Saturday, November 28, 2009

why not choose us?

(excerpt from an interview, 9 December 2007, with Peacecraft magazine)


ºEmma Marx-Hall: My American friend Frank rides in a van with a picture of an abortion on the side. I think what he's trying to say is fucking trash, but I think the whole world should be like a cigarette package, we have to remember that truth is loud and hideous and dangerous and it's a photo of black lungs and we have to embrace that we are all smokers. And Frank is an inspiration in that way.


ºAlan Léonin: Our drug is social interaction, rather than nicotine, but it's still filling our lungs with tar.


ºPeacecraft: Sure, but is your friend and his van actually going to change anyone's mind? Wouldn't he do better to try reasoning with people?



ºEmma Marx-Hall: There's plenty of reasoning in that. There's reasoning in the Time Cube web page, but people don't read that because there's reasoning in it, people read it because the Time Cube guy is such a fucking mentalist. You have to be crazy first.

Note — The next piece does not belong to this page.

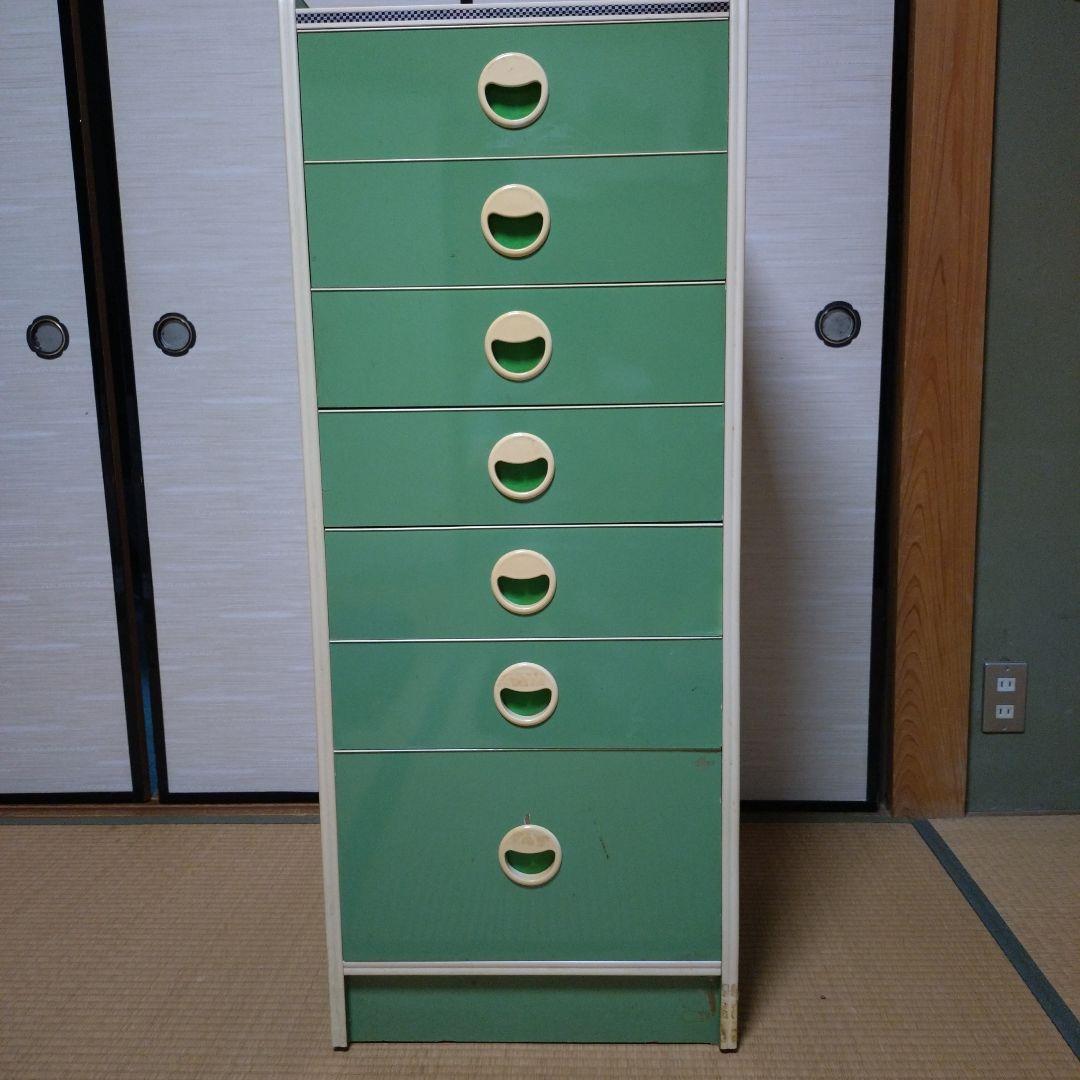 昭和時代 レトロ家具 チェスト 引き出し グリーン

ºTom Thorogood: The difference between Knave of Hearts and Time Cube is that we're not trying to create new theories—and I understand that the Time Cube bloke feels the same way as us, but I'm not going to get into that too far in case I offend someone—we're not trying to create new theories, we're just trying to expose something we've become aware of, which is that every human being is reduced to a...like, an automaton? Our social interactions are so codified and our repulsive behaviors are sanitized, we don't actually understand the emotions we create in others or our own emotions.


ºAlan Léonin: Something that we think is one of the world's most brilliant pieces of artwork is John Lennon's song "Cold Turkey", because if you actually look closely at some of the words, they make absolutely no sense. Pain is senseless and we spend so long infusing it with a grammar that doesn't actually apply. We all know in one sense that this is why artists tend to discuss negative emotion, but what we don't understand is that everyone who has never expressed his emotions this way is just restricting himself, rather than simply being above feeling base emotions.

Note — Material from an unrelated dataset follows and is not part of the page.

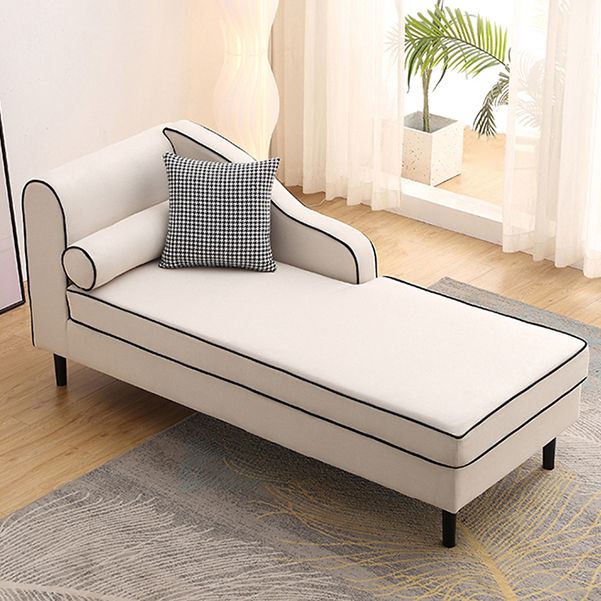 Modern Cushioned Chaise Lounge One Armed Chaise with Recessed Arms for Living Room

ºEmma Marx-Hall: Happiness doesn't have a grammar either, of course. We all define our joy in terms of how many pounds we can get for it.


ºAlan Léonin: What I'm saying is, no human is above feeling base emotions, because it's human nature. Human nature is just like the rest of nature—it's gorgeous in its cruelty.

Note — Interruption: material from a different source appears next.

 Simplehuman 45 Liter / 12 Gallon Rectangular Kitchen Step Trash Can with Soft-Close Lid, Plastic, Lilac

ºPeacecraft: How about that, Emma, are you going to agree with the notion that human nature is inherently cruel? I'm told you're the insufferable optimist in the band.


ºEmma Marx-Hall: You're right, I do think human beings are capable of great kindness, and that's really exactly what Tom has said—our social behaviors are codified because we're perhaps afraid of the power of being truly good to one another.


ºPeacecraft: I have to ask—it all sounds great, but do you really believe any of what you say?


(the band all speaks at once:)


ºAlan Léonin: Oh no, you really shouldn't've...


ºEmma Marx-Hall: Ouch! I can't deny that smarts!


ºTom Thorogood: Oh, but we don't really matter, do we? We're just the man behind the curtain, isn't it? We're just provoking you. The question is, do you believe it? I mean, mate, you've got to believe in something.


ºEmma Marx-Hall: You've got to believe in something, why not choose yourself? Why not choose to believe in your own power as a human being?


ºAlan Léonin: (laughing softly) You've got to believe in something, why not choose us?